During the summers of 2002 and 2003, breeding blackcaps were captured at eight sites in southern Germany and Austria (14). Birds were caught as soon as possible after establishment of their breeding territories. Where possible, both birds of a pair were captured, and in all cases the subsequent breeding attempt was followed. We found a highly significant relation between δ2H signatures in the claws of males and those in the females they were paired with (Fig. 3). To provide a direct estimate of the incidence of assortative mating, wintering area–specific reciprocal-normal probability density functions were modeled by smoothing the empirical distributions from winter populations, and these were used to assign a probability of origin to each breeding bird (14). We found that observed values for assortative pairings were significantly higher than expected (χ2 = 40.1, P ≪ 0.001, Yates correction for 1 degree of freedom applied). Birds were 2.5 times more likely to pair assortatively than randomly (14), with “relative risks” for assortative pairing being 2.63 [95% confidence interval (CI) 1.3 to 28.5] for Iberian pairs and 2.63 (95% CI 1.2 to 5.8) for British and Irish pairs. This provides the strongest evidence yet for assortative mating (1, 9).

Fig. 3.

There is a highly significant relation between δ2H signatures in the claws of male blackcaps and in those of the female they are paired with (GLM: F1,30 = 28.719, P < 0.001, r2 = 0.5, year NS). This relation remains significant even when the two points with the lowest y values are ignored (F1,28 =12.2, P = 0.002, r2 = 0.3).

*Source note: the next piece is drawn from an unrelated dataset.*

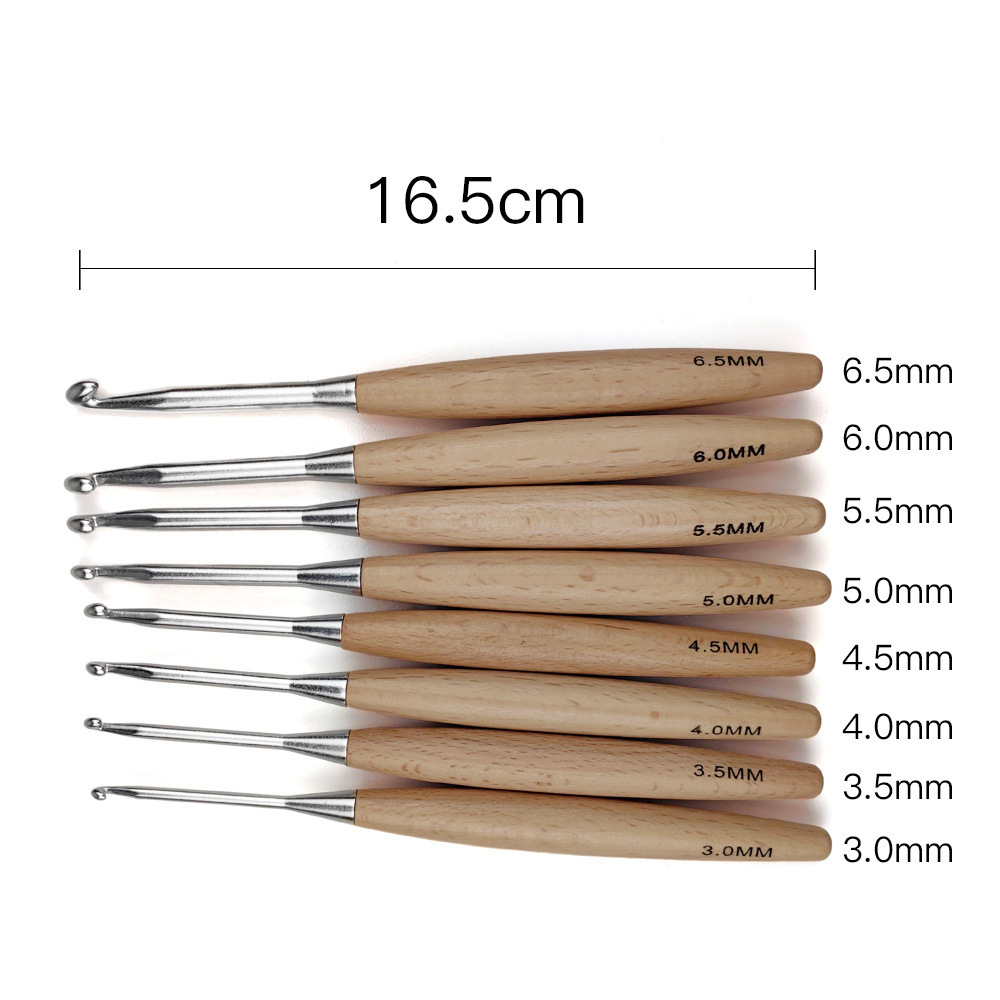 8Pcs Wood Crochet Hooks16.5cm  - Wooden Crochet Hooks Ergonomic Handle ulasan dan harga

In 2003, the time of arrival on the breeding grounds was estimated for a subsample of blackcap males, and this was positively correlated with relative wintering latitude inferred from claw δ2H signatures (Fig. 4), indicating that British and Irish males tend to arrive earlier than their southern European counterparts (Fig. 4). This is consistent with the hypothesis that earlier onset of the critical photoperiods required to stimulate migratory restlessness and gonadal development at higher wintering latitudes drives assortative mating with respect to wintering area (1, 2). Assortative mating in this blackcap population could be further favored by strong selection against the offspring of hybrid pairings, because they inherit migration directions and distances intermediate to those of their parents, which would lead them on flights that would cross out over the Bay of Biscay: routes that tend not to be observed in orientation experiments with adults (1, 9).

Fig. 4.

There is a significant relation between estimated arrival dates (in 2003 only) of males and the δ2H signatures in their claws (F1,14 = 11.2, P = 0.005, r2 = 0.44), suggesting that birds from further north arrive earlier. Three birds that were first detected more than 60 days after the first of April were excluded from these analyses because we could not be certain that these observations represented their first breeding attempt.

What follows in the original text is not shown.